The results were surprising. The highly rated, but characteristically different manufactured profiles received more investment than anyone else. To put a precise number on it, profiles in that group—all characteristics different, high rating and number of reviews—received 51.5% more investment than those within the same experimental group who had the same characteristics as the experiment participant.

“We did not expect the fifth group, in which all attributes are different but with a high rating, to be able to beat all attributes are the same, no rating, and by so much. I think that is really a stellar finding.” Alok says.

Chart showing how much experiment participants invested in users in the control group and in the experiment group

Changing the tiebreakers

It makes sense, after all. What is homophily but a decidedly faulty rating system? Could there be something better to replace it? The participants in the experiment certainly seemed ready to trust something over their own intuitions. “This has implications way beyond home sharing, way beyond Airbnb,” Alok says. It’s a finding that is at once unsettling and deeply encouraging.

“We’ve often thought about how to give people the opportunity to use their Airbnb social currency in other ways,” Alok says. “Figuring out how to help people to do that in other ways is a really cool opportunity, and it’s definitely something that we might think about in the future.”

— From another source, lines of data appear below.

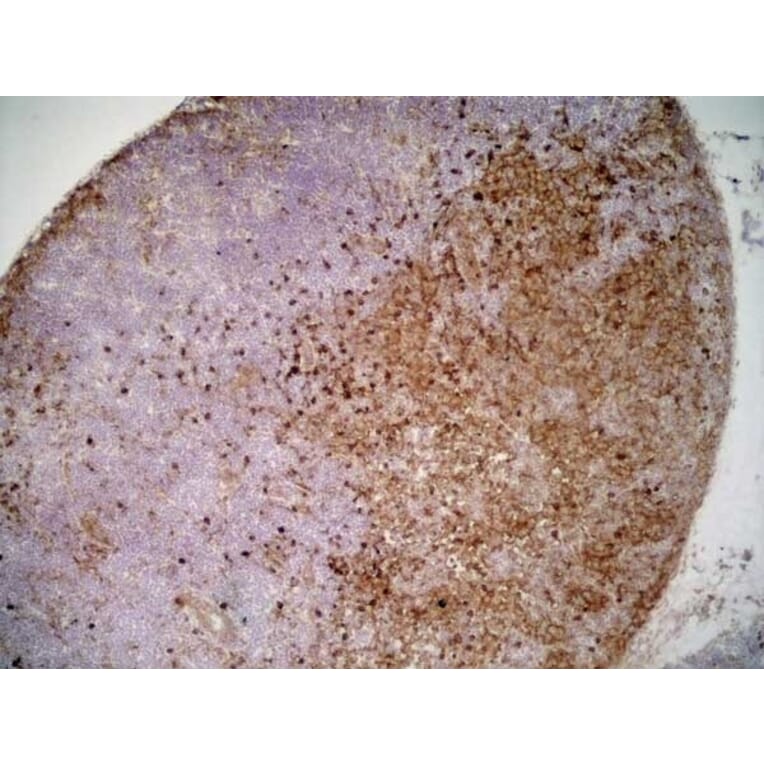 Immunohistochemistry - Anti-SIRP alpha Antibody [ED9] (A280341) - Antibodies.com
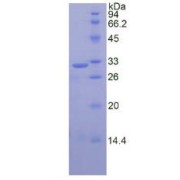 SDS-PAGE analysis of Human CAPN1 Protein.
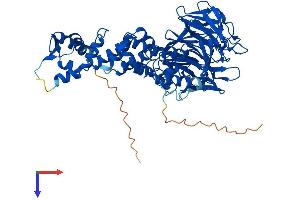 AlphaFold protein structure predicition of Human Recombinant KLHL10 Protein, UniprotID Q6JEL2 (KLHL10 Protein (AA 1-608) (His tag))
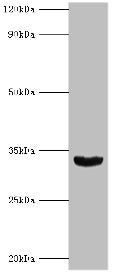 Western blot All lanes: Homeobox protein Hox-B1 antibody at 9ug/ml + Mouse liver tissue Secondary Goat polyclonal to rabbit IgG at 1/10000 dilution Predicted band size: 33, 25 kDa Observed band size: 33 kDa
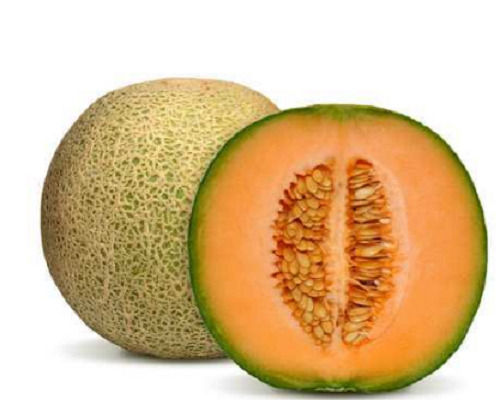 Healthy And Nutritious Rich In Protein Sweet Soil Cultivation Glutinous Muskmelon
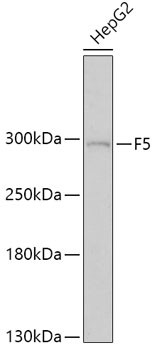 F5 Antibody in Western Blot (WB)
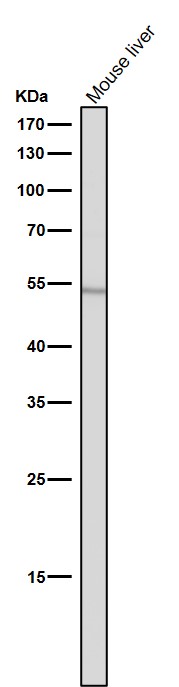 1 - Anti-ACM2 Rabbit Monoclonal Antibody ABO15814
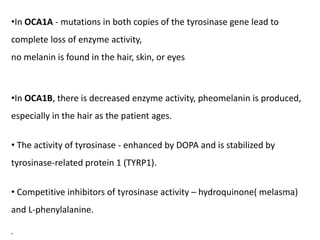 •In OCA1A - mutations in both copies of the tyrosinase gene lead to
complete loss of enzyme activity,
no melanin is found in the hair, skin, or eyes
•In OCA1B, there is decreased enzyme activity, pheomelanin is produced,
especially in the hair as the patient ages.
• The activity of tyrosinase - enhanced by DOPA and is stabilized by
tyrosinase-related protein 1 (TYRP1).
• Competitive inhibitors of tyrosinase activity – hydroquinone( melasma)
and L-phenylalanine.
.
 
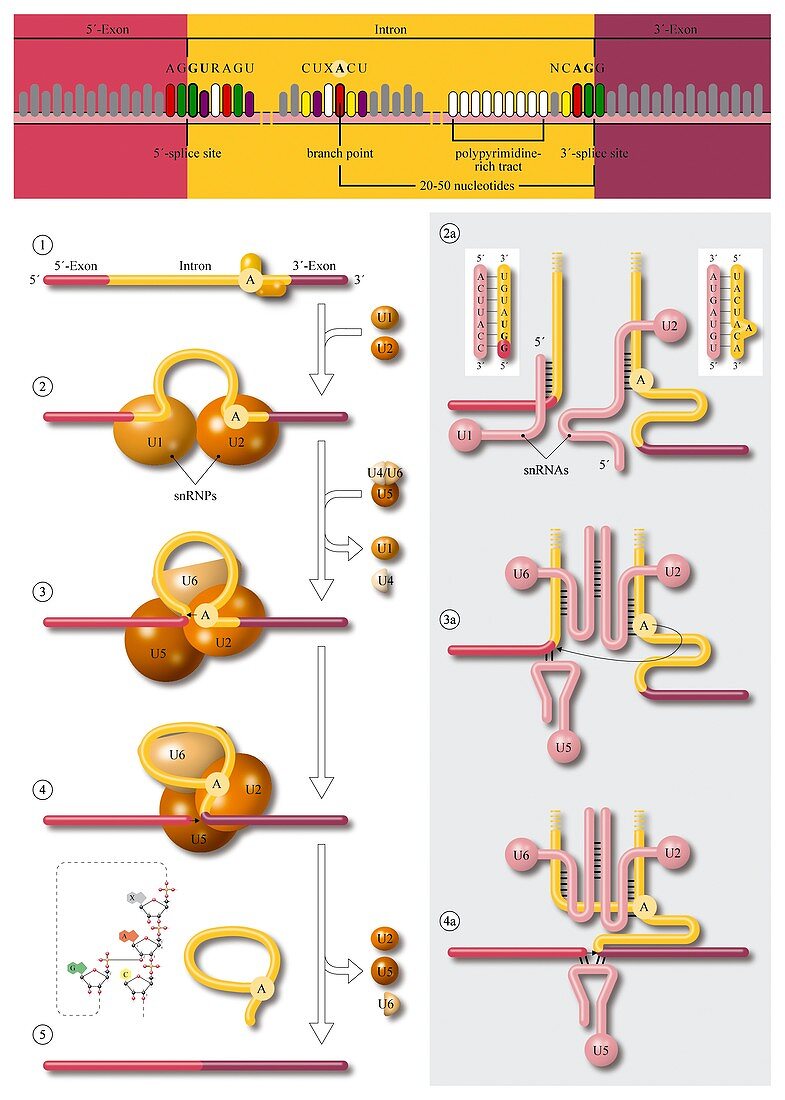 Gene splicing,diagram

It’s an interesting situation for Alok. In his own words, the biggest adjustment academics have in transitioning into business is “not having the luxury always to tie up loose ends to make up for an incremental 5, 10% impact.” In business, “pretty confident” is good enough and “totally sure” takes too many resources. But in this case, Airbnb was able to partner with ongoing research and get that conclusive data to confirm and quantify their suspicions, and can now move forward more confidently. It’s an opportunity more companies should try and seize.

Science marches on

Alok Gupta may be outside of the ivory tower now, but he’ll continue to apply a scientific approach to his work, and hopes others will do the same. “I don’t think people value enough, how important measurement is,” he tells us. “A lot of problems today, outside of Airbnb, outside of tech, on a global scale, come from a lack of good measurement.

“When we think about global warming, poverty, inequality, literacy, unemployment, automation, there are a lot of hypotheses. We make a lot of decisions based on hypotheses: in education, in healthcare, in nearly everything. We have an aversion to running experiments. But there are great benefits to be had from measuring things rather than hypothesizing about them.”

At the very least we can be sure that whatever falls within Alok’s remit will be thoroughly measured.